According to the geological conditions of Longyun Coal Industry the No. 3 coal seam, FLAC3D simulation software is used to construct a three-dimensional numerical model, as shown in Figure 5(a). The model is 78.5 m long, 150 m wide, and 70 m high. The lithology parameters of the coal strata are taken from the rock burst accident area of Longyun Coal panel 1303, and the mechanical parameters are shown in Table 1. The model top boundary is loaded with a 24 MPa vertical stress to simulate the overburden pressure by assuming that the overlying unit weight is 0.025 MN/m3, and no displacement is allowed in the direction perpendicular to the side boundaries. At the time of accident, there was the influence of drivage, mining disturbance, and slip of the nearby fault zone. Therefore, it is the key for numerical simulation of deformation and failure of coal roadway to reflect the disturbance reasonably in the model. References [19, 28, 29] simulated the disturbance in the form of the input dynamic load disturbance wave and applied the horizontal dynamic load disturbance to the upper boundary of the model. The corresponding parameters can be obtained according to the microseismic monitoring system. The cable bolts and rebar bolts are regarded as structural elements. This type of element is embedded in FLAC3D to simulate roadway support. The support simulation is carried out according to the actual support plan on site, and the full section diagram of roadway support is shown in Figure 5(b).

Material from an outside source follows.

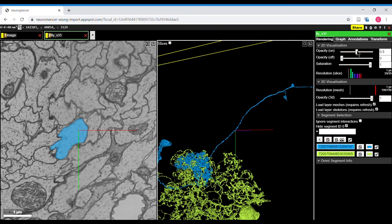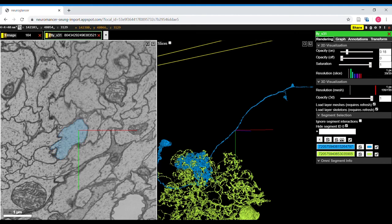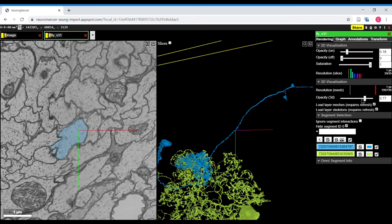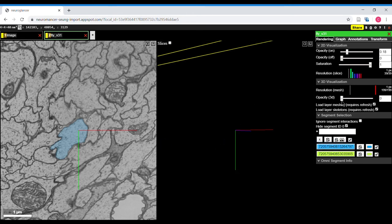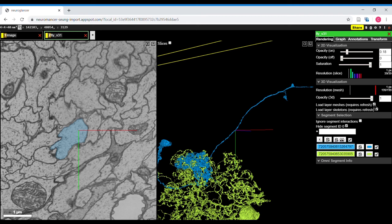Some of the things that it can do are change the opacity of the 2D neuron. So if you look here, you can see that opacity changing. It can also change the opacity of the 3D neuron, which can be useful for various things.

The simulated roadway is excavated along with the No. 3 coal seam floors with a strike length of 150 m. Because at the time of the accident, only 3 m coal pillars were left between the heading face and the stop heading face, there was an influence of the far-field seismic source at this time. Therefore, in order to accurately reflect the deformation and failure characteristics of the surrounding rock in the whole “Roadway Drivage-Deformation and Failure-Instability and Disaster” process, the simulated roadway is divided into five calculation cycles ((1)∼(5)) when the distance of drivage is 50 m, and in the fifth calculation cycle (5), a dynamic load is applied to the upper boundary of the model, as shown in Figure 6. At the same time, a monitoring section is set in the middle of each calculation cycle, and a total of 110 monitoring points are set up on the No. 1∼5 monitoring sections including the roof monitoring lines and the left-rib monitoring lines. The monitoring lines setting is shown in Figure 6. The simulation process is as follows. (1) After establishing the model, setting the mechanical parameters and boundary conditions, the calculation reaches the initial balance. (2) When 50 m away from the roadway connection, five calculation cycles ((1)∼(5)) are set to simulate the step-by-step excavation of the roadway. (3) The length of the first four steps is the same, which is 10 m, and the length of the fifth step is 7 m, leaving 3 m coal pillar between the heading face and the stop heading face. (4) The support follows each step of roadway excavation, set the support body and assign the mechanical parameters to calculate the model to balance, and then continue to the next calculation cycle after the balance. (5) The drivage stops when the roadway is excavated to a distance of 3 m from the connection position (the calculation cycle (5)). At this time, a dynamic load disturbance is applied to the upper boundary of the model. This study will analyze the deformation and failure distribution evolution characteristics of the monitoring stations on each monitoring section during the advancement of the heading face and reproduce the stress environment of the surrounding rock of the roadway before and after the impact.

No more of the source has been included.